Whatever it is, I am fascinated by the science of boxing. I get very analytical when I sit down after a fight, yet in the ring everything I do is spontaneous. It just happens naturally. Most fighters have to think about what they’re doing when they’re in there and they follow a certain plan in their head. I never go into a fight with a set plan, which means that I’m constantly alert, alive to the possibilities and ready to react. When I see an opening I go for it instinctively, I don’t think about it first.

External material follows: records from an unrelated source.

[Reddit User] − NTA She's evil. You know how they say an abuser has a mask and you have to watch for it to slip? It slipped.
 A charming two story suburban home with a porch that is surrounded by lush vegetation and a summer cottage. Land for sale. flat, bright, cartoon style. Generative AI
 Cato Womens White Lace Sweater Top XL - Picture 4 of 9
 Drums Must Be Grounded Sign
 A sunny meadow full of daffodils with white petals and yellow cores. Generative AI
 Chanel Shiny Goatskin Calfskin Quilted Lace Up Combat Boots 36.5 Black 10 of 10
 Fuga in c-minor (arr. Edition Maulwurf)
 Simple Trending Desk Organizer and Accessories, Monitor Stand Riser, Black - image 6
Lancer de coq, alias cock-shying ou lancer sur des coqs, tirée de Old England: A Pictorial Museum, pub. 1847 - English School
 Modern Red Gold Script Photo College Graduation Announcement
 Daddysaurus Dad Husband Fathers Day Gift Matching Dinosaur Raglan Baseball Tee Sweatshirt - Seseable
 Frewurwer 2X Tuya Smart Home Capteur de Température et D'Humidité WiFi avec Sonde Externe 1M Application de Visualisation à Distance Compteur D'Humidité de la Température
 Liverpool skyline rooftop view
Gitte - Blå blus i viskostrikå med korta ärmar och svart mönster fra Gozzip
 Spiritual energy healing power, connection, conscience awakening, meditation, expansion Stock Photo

I like to dictate the pace and hold the centre of the ring, make my opponent move and throw him off his game. You rarely see me on the ropes but none of this is part of a predetermined plan. When I’m at my best and most fluent I’m totally focused on the moment. It doesn’t matter how fit you are, you could be in the best shape of your life, but if your mind’s not on the job you’re going to get caught. In this business it takes a split second and it could all be over. It’s the finest of fine edges, so the only thing I always make sure I do is to concentrate and stay in the zone. Sometimes I haven’t been there and I’ve lowered myself to my opponent’s level and this is dangerous because any fighter can get caught. So I’m trying to get better all the time and I never feel totally invincible. Every day I’m champion there is somebody somewhere after what I’ve got.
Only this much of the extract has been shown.